Given records START

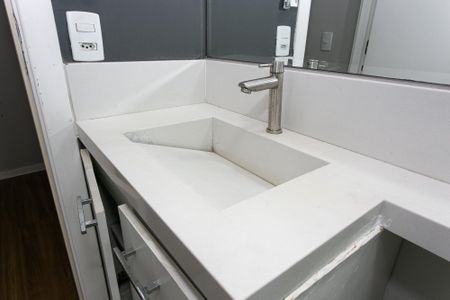 Apartamento para alugar com 46m², 2 quartos e 1 vaga Apartamento para alugar com 46m², 2 quartos e 1 vagaBanheiro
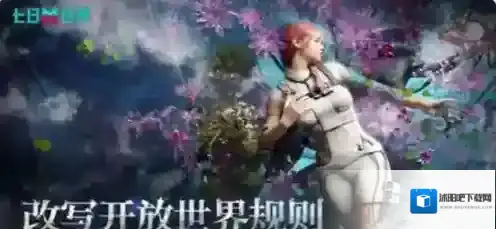 七日世界姜饼屋怎么获得 七日世界姜饼屋获取方式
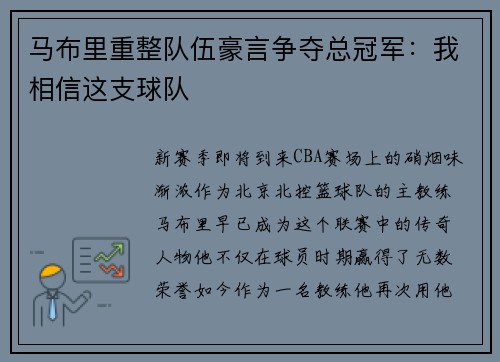 马布里重整队伍豪言争夺总冠军:我相信这支球队 马布里重整队伍豪言争夺总冠军:我相信这支球队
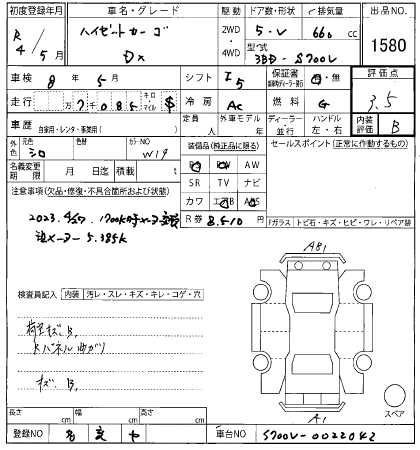 DAIHATSU ATRAI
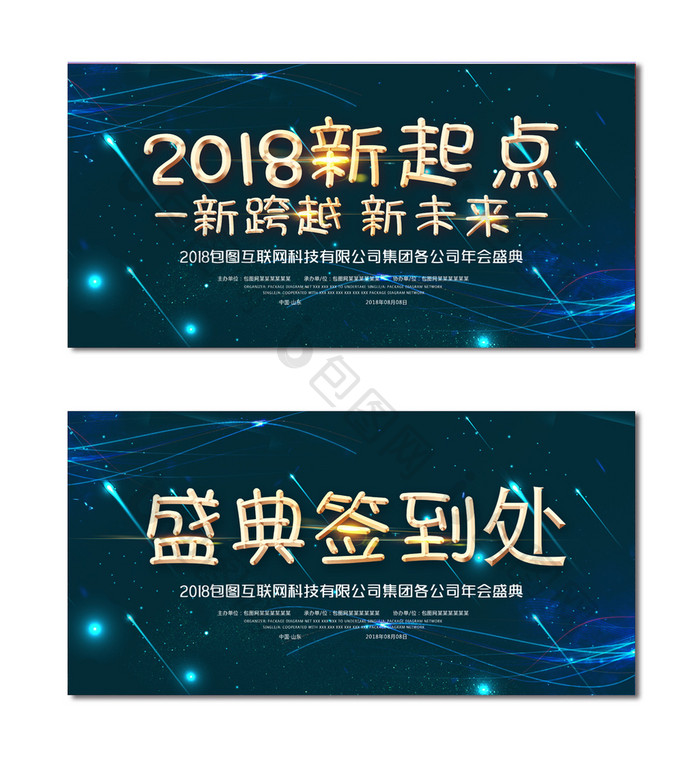 简洁时尚酷炫2018企业晚会舞台展板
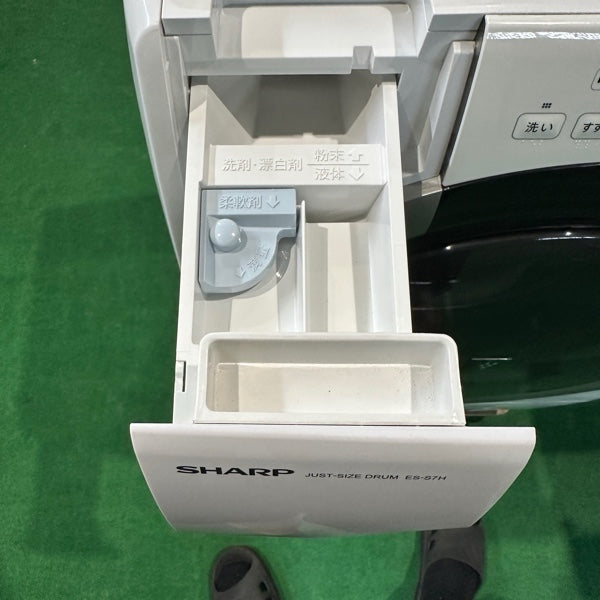 ドラム式洗濯機 ES-S7H【ITE2J3M6I884】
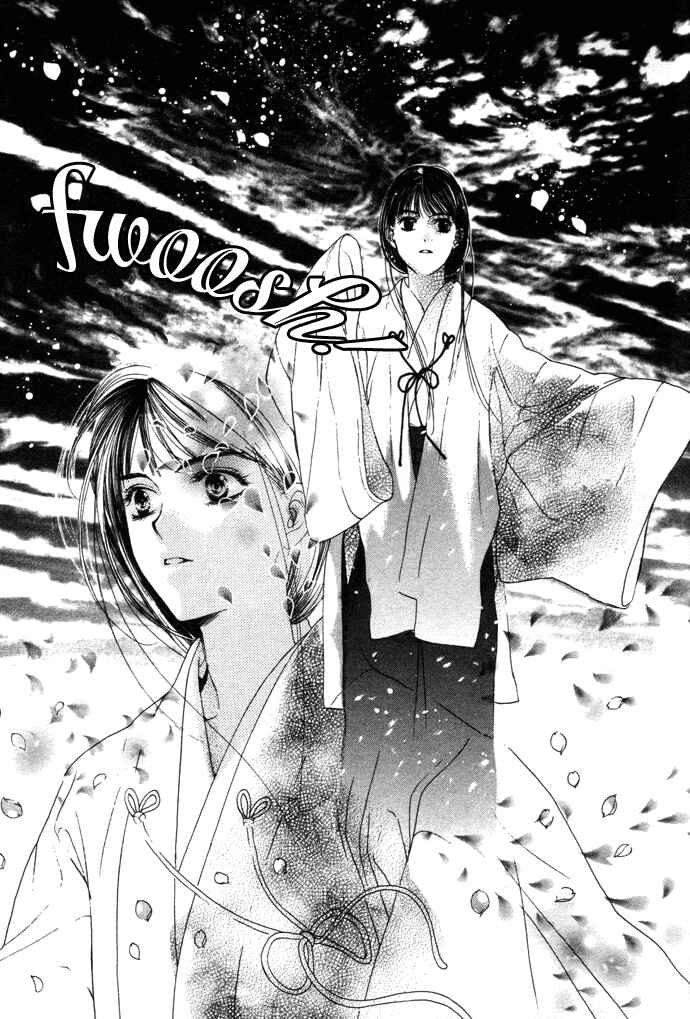 Page 37 Chapter 1 Maimiko Touko no Jikenbo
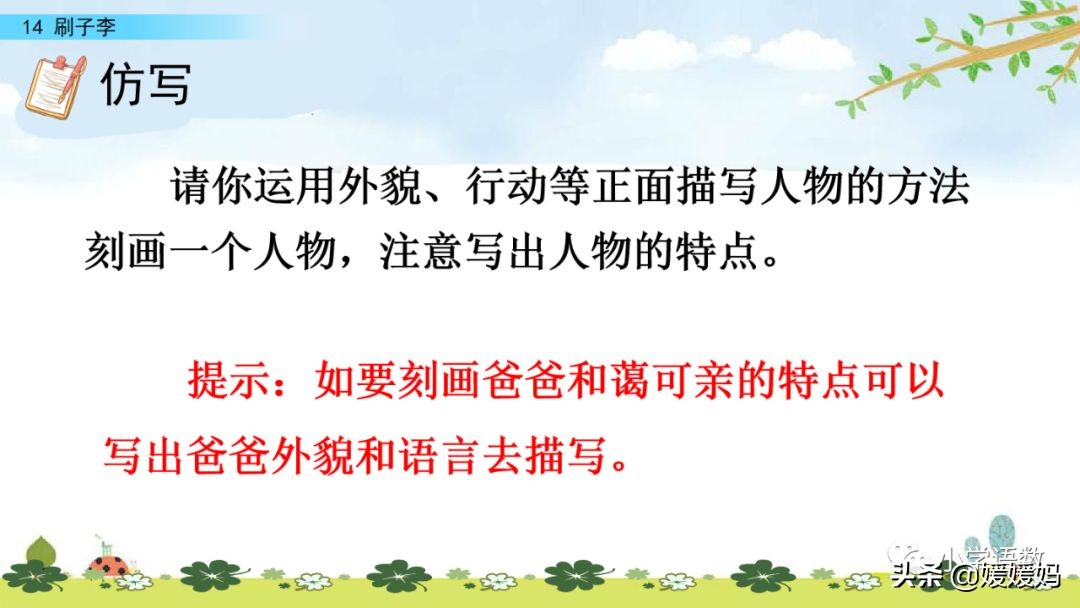 五年级下册语文14课刷子李讲解,五年级下册语文第14课刷子李答案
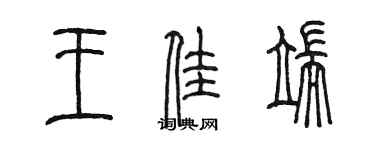 陈墨王佳端篆书个性签名怎么写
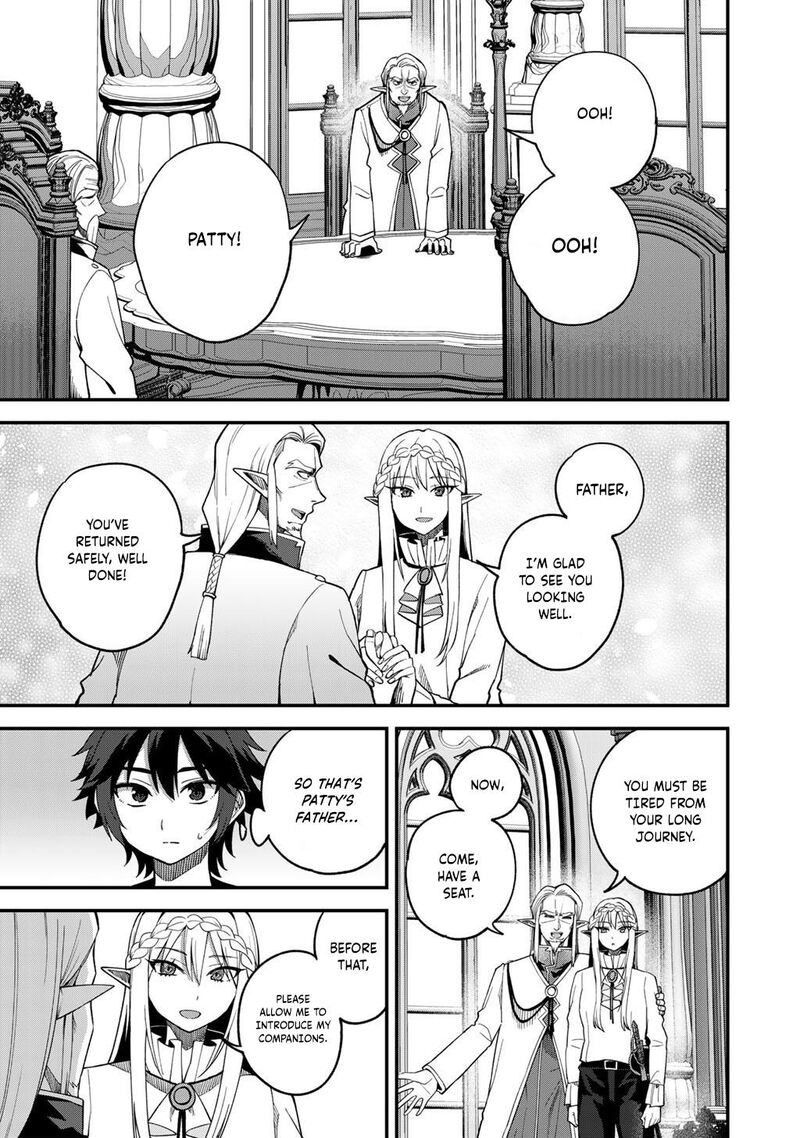 Dorei Shounin Shika Sentakushi Ga Nai Desu Yo Harem Nani Sore OishII No 68 10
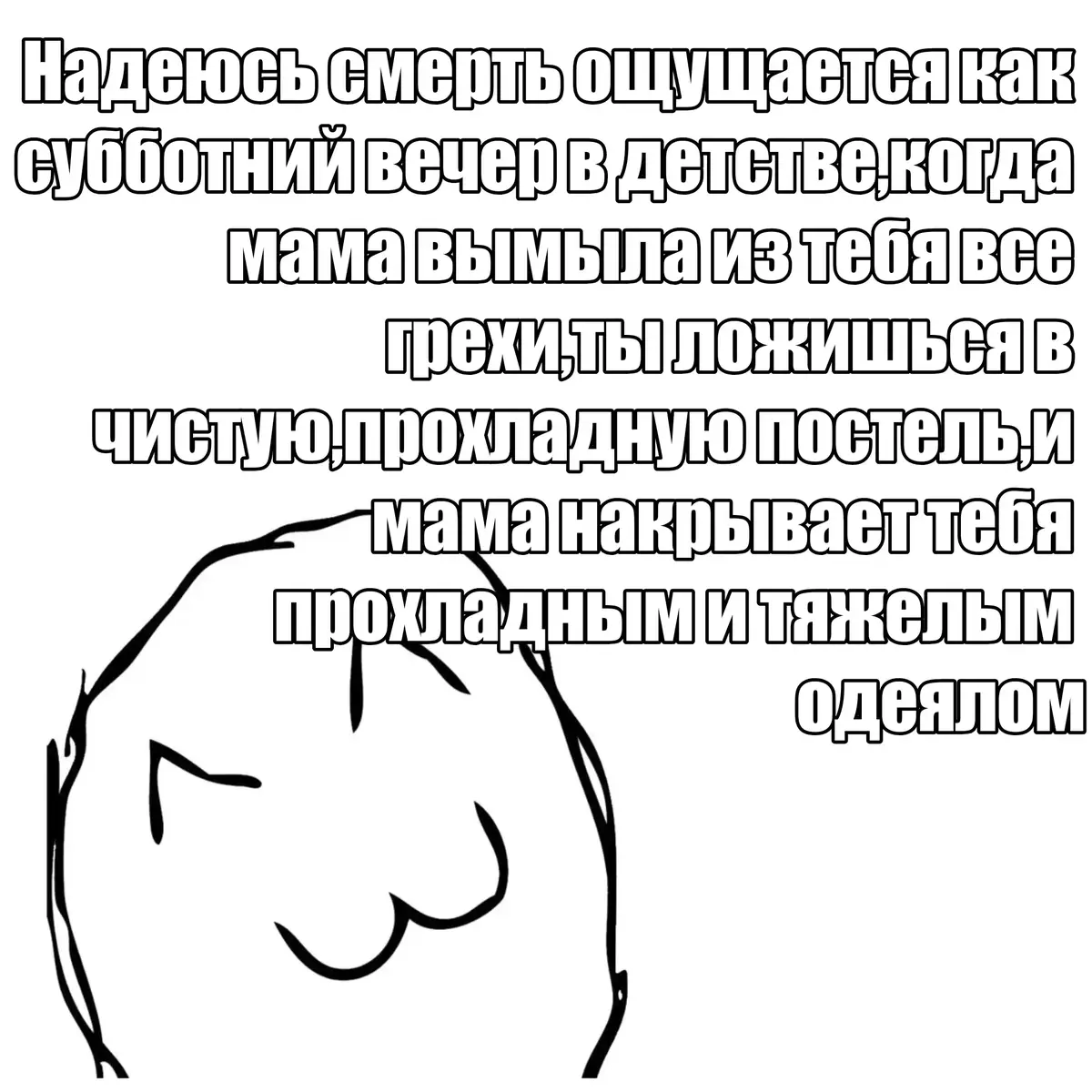 #ragecomic #shitpost #щп #MentalHealth #экзистенциализм  . . . Смерть это необратимое прекращение всех биологических функций поддерживающих жизнедеятельность живого организма в первую очередь остановка сердца и дыхания приводящая к гипоксии и прекращению мозговой активности исчезновение электрической активности коры головного мозга и стволовых структур что является ключевым критерием смерти мозга и необратимой утраты сознания и личности а также прекращение метаболических процессов обмена веществ синтеза аденозинтрифосфата и распада клеток начиная с наиболее уязвимых нейронов и заканчивая всеми тканями тела что в конечном итоге приводит к разложению и возвращению органических веществ в круговорот природы в геологическом масштабе смерть является необходимым и универсальным условием для эволюции и естественного отбора обеспечивая смену поколений и ограниченность ресурсов для выживания наиболее приспособленных особей в философском и экзистенциальном планах смерть представляет собой абсолютный предел человеческого существования фундаментальную неизбежность которая придает жизни ценность смысл и остроту переживаний являясь источником глубоких размышлений о природе бытия тленности и вечности а также центральным элементом многих религиозных и духовных учений которые интерпретируют смерть как переход в иное состояние перерождение переселение души воздаяние успение или полное небытие и забвение в культурном аспекте смерть окружена сложными ритуалами погребения траура и поминовения которые варьируются от одной цивилизации к другой и отражают представления общества о чести памяти и связи между поколениями с юридической точки зрения смерть влечет за собой прекращение правоспособности человека открытие наследства и прекращение всех гражданских прав и обязанностей за исключением тех которые переходят к наследникам или регулируются посмертными распоряжениями в медицине констатация смерти основана на совокупности признаков таких как отсутствие дыхания сердцебиения пульса рефлексов и реакции зрачков на свет с обязательным подтверждением с помощью инструментальных методов например электроэнцефалографии или ангиографии а также с учетом понятия необратимости которое подразумевает что современный уровень развития науки не может восстановить утраченные функции таким образом смерть это не единовременное событие а сложный процесс на клеточном тканевом и системном уровнях который начинается с терминального состояния агонии и заканчивается биологическим распадом но для общества и культуры смерть индивидуума это точка в его социальной истории в то время как для самой вселенной это лишь мгновенное и малозаметное событие в бесконечном потоке материи и энергии.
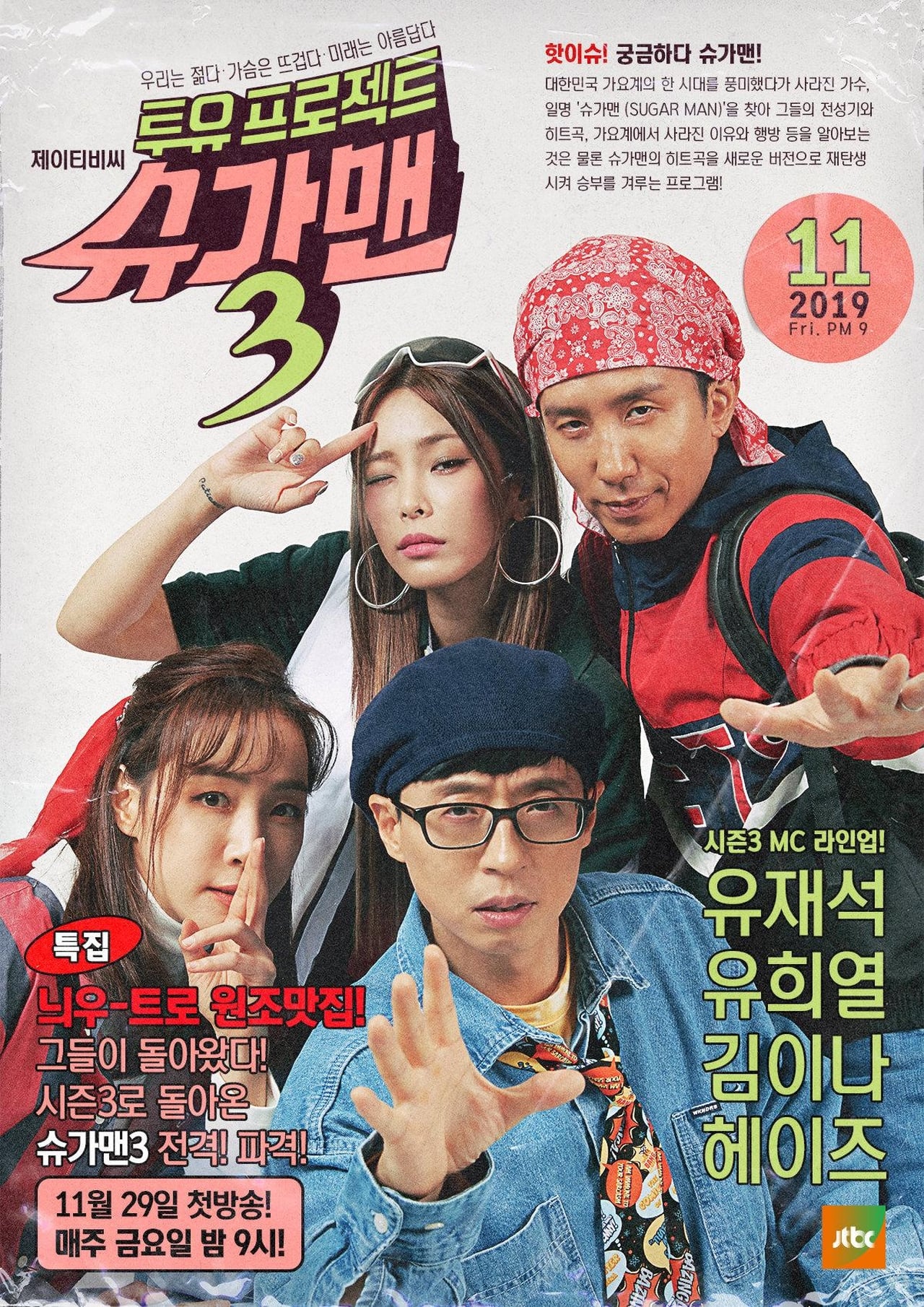 Serie 투유 프로젝트 – 슈가맨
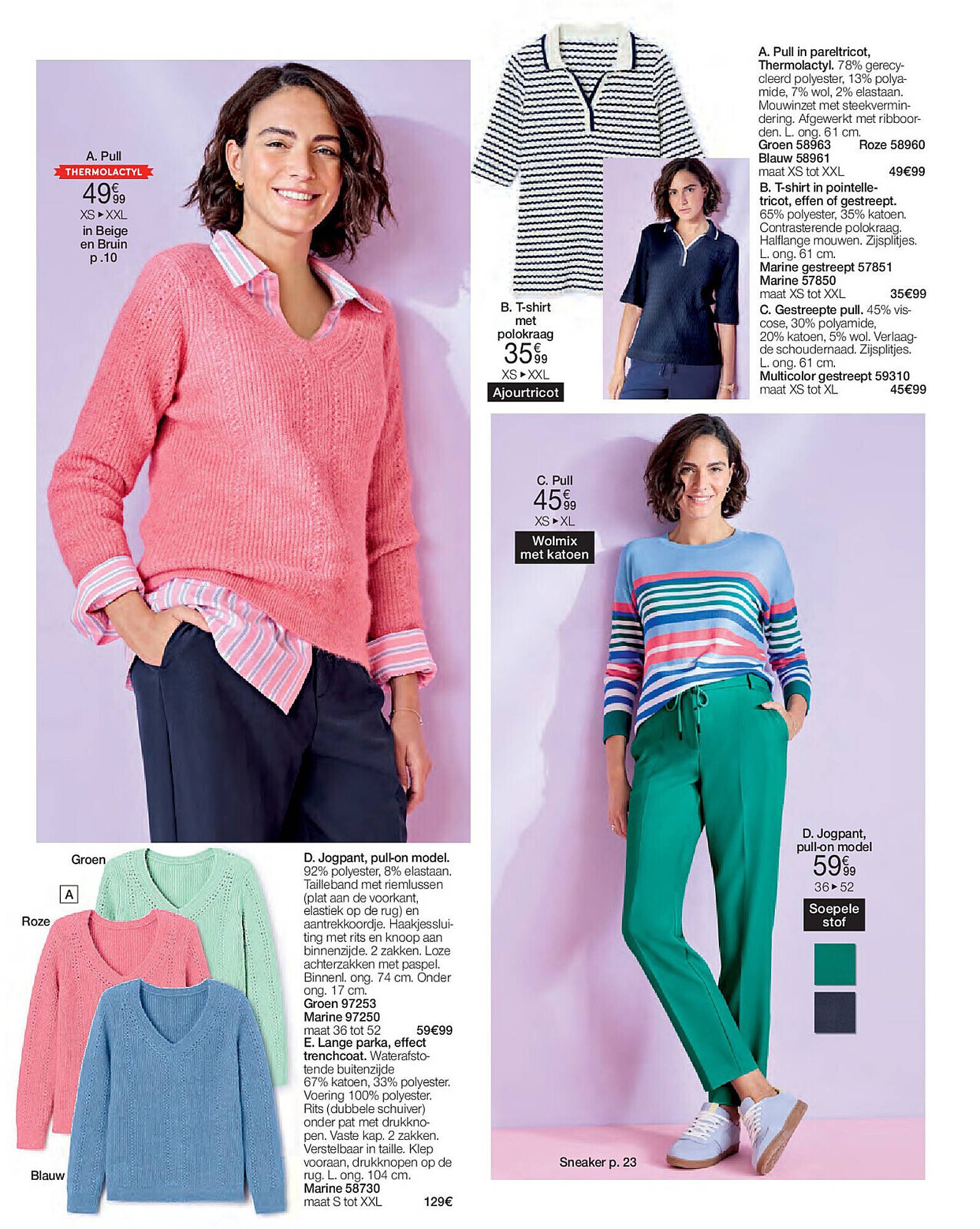 Damart folder (2026-02-02 - 2026-06-15)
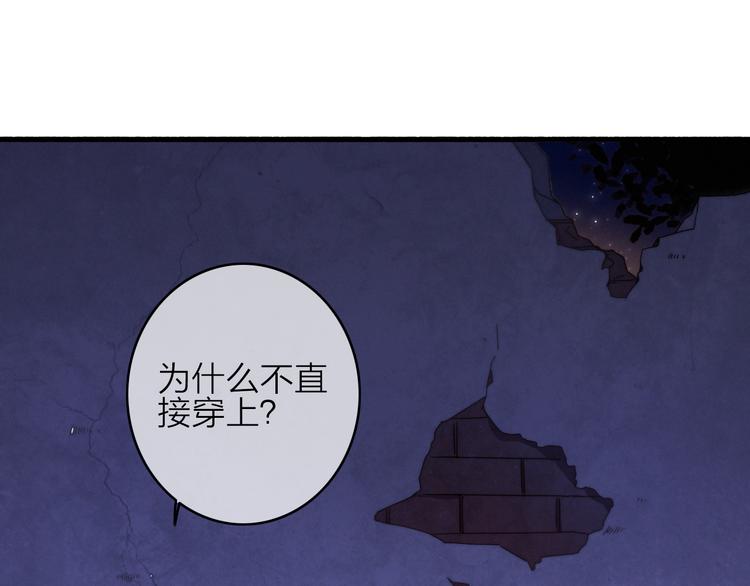 第5话  美好表面下的危机(1/3)-第6话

Given records END

**Problem to solve**
The answer must be the lines of the entries above, written out exactly from the first through the one with "Dorei Shounin Shika", and no pictures.

**Solution for this exercise**
 Apartamento para alugar com 46m², 2 quartos e 1 vaga Apartamento para alugar com 46m², 2 quartos e 1 vagaBanheiro
 七日世界姜饼屋怎么获得 七日世界姜饼屋获取方式
 马布里重整队伍豪言争夺总冠军:我相信这支球队 马布里重整队伍豪言争夺总冠军:我相信这支球队
 DAIHATSU ATRAI
 简洁时尚酷炫2018企业晚会舞台展板
 ドラム式洗濯機 ES-S7H【ITE2J3M6I884】
 Page 37 Chapter 1 Maimiko Touko no Jikenbo
 五年级下册语文14课刷子李讲解,五年级下册语文第14课刷子李答案
 陈墨王佳端篆书个性签名怎么写
 Dorei Shounin Shika Sentakushi Ga Nai Desu Yo Harem Nani Sore OishII No 68 10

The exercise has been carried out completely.